### What the task requires
The entries that follow should be repeated exactly, with no pictures kept.

Top of Information shown

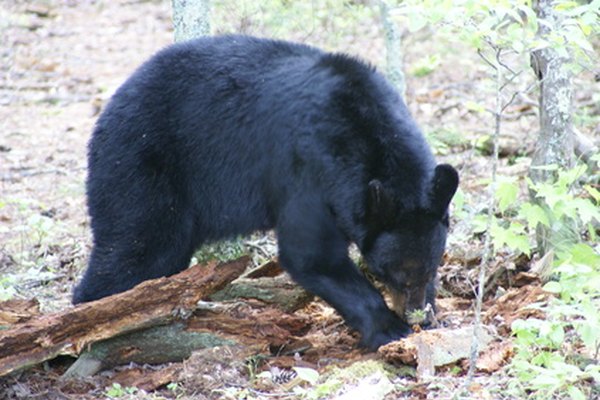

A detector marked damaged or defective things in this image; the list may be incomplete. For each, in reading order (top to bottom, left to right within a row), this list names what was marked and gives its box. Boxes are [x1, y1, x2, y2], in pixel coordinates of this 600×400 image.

broken wood piece [0, 256, 251, 378]
broken wood piece [380, 324, 492, 378]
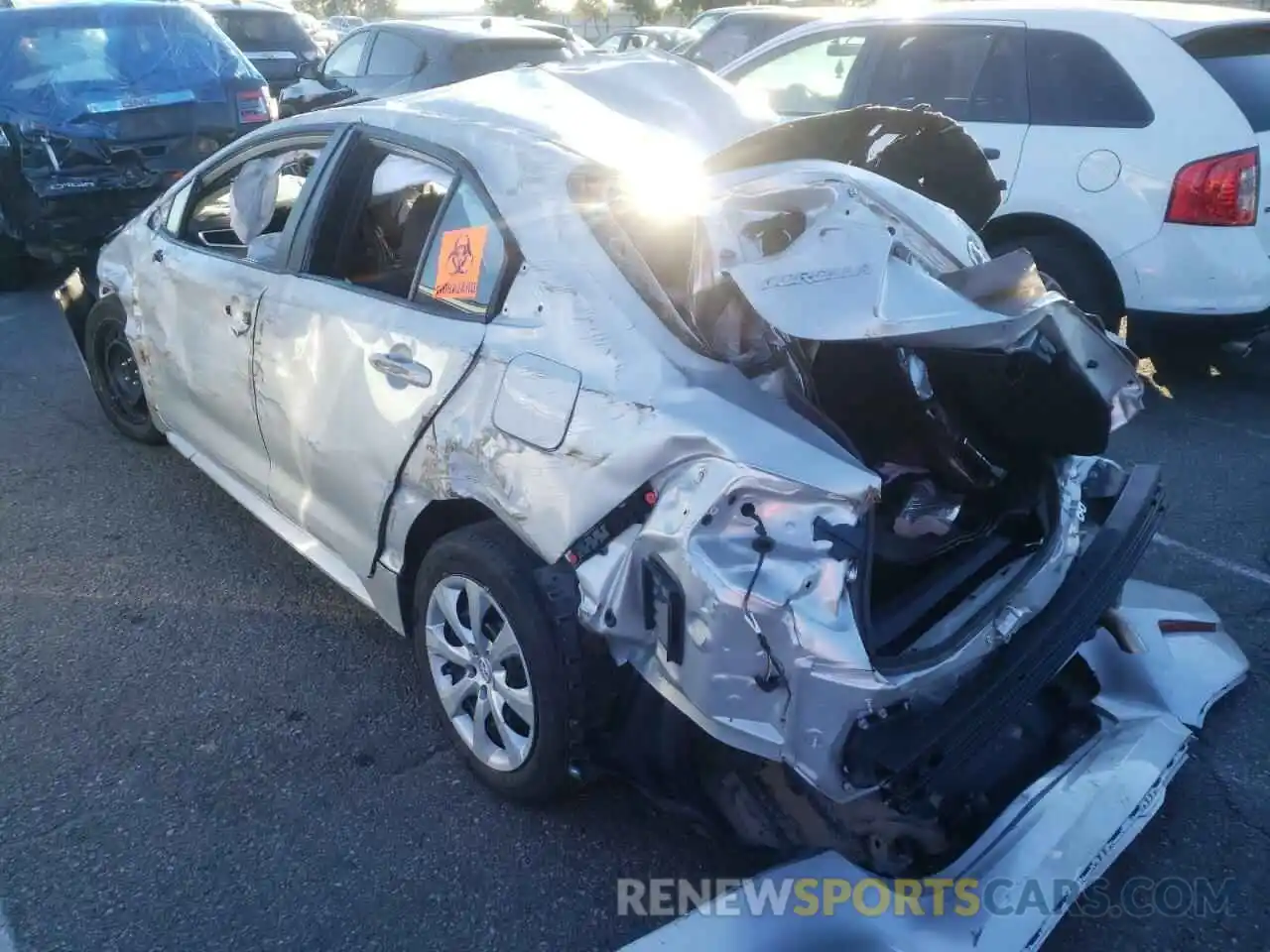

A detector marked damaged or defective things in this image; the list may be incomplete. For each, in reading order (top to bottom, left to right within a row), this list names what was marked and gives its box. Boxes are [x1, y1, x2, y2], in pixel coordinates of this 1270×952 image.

crumpled sheet metal [0, 1, 260, 137]
broken tail light [238, 87, 279, 125]
broken tail light [1163, 151, 1254, 229]
crumpled sheet metal [619, 581, 1244, 952]
detached bumper cover [619, 581, 1244, 952]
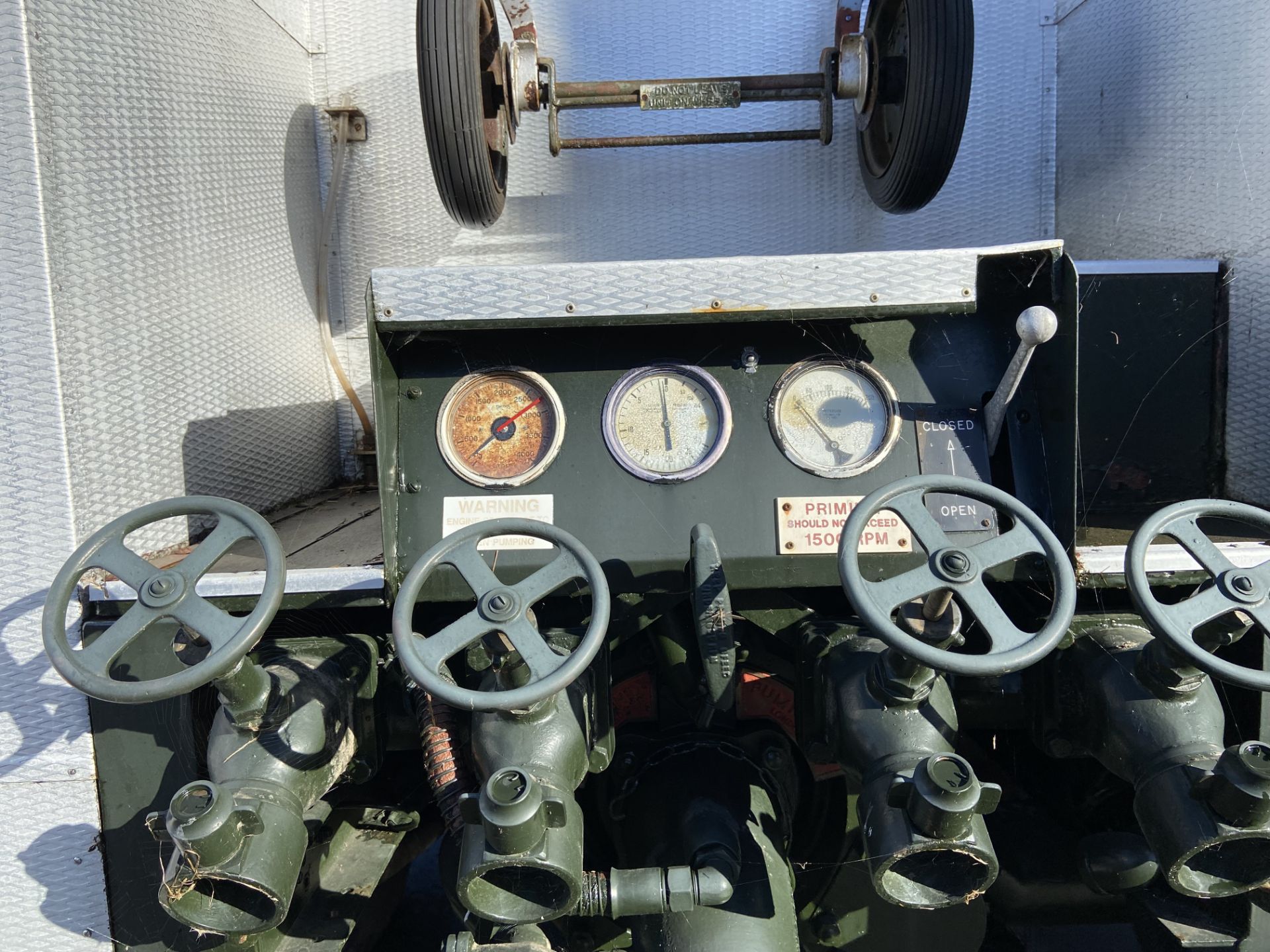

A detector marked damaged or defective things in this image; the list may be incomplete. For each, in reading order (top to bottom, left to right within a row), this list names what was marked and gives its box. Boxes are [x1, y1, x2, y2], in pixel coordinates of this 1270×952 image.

rusty gauge face [437, 370, 566, 487]
rusty gauge face [604, 365, 736, 485]
rusty gauge face [762, 358, 904, 477]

Bottom of Information shown

### Solution to this exercise
A detector marked damaged or defective things in this image; the list may be incomplete. For each, in reading order (top to bottom, left to right within a row), this list names what was marked and gives its box. Boxes are [x1, y1, x2, y2], in pixel coordinates of this 600×400 image.

broken wood piece [0, 256, 251, 378]
broken wood piece [380, 324, 492, 378]

A detector marked damaged or defective things in this image; the list may be incomplete. For each, in reading order (top to bottom, left to right within a row), this list names what was marked and gives its box. Boxes are [x1, y1, x2, y2], in pixel coordinates of this 1270×952 image.

crumpled sheet metal [0, 1, 260, 137]
broken tail light [238, 87, 279, 125]
broken tail light [1163, 151, 1254, 229]
crumpled sheet metal [619, 581, 1244, 952]
detached bumper cover [619, 581, 1244, 952]

A detector marked damaged or defective things in this image; the list may be incomplete. For each, in reading order (top to bottom, left to right within a row), this list names what was marked and gives its box. Boxes are [x1, y1, x2, y2], in pixel coordinates of this 1270×952 image.

rusty gauge face [437, 370, 566, 487]
rusty gauge face [604, 365, 736, 485]
rusty gauge face [762, 358, 904, 477]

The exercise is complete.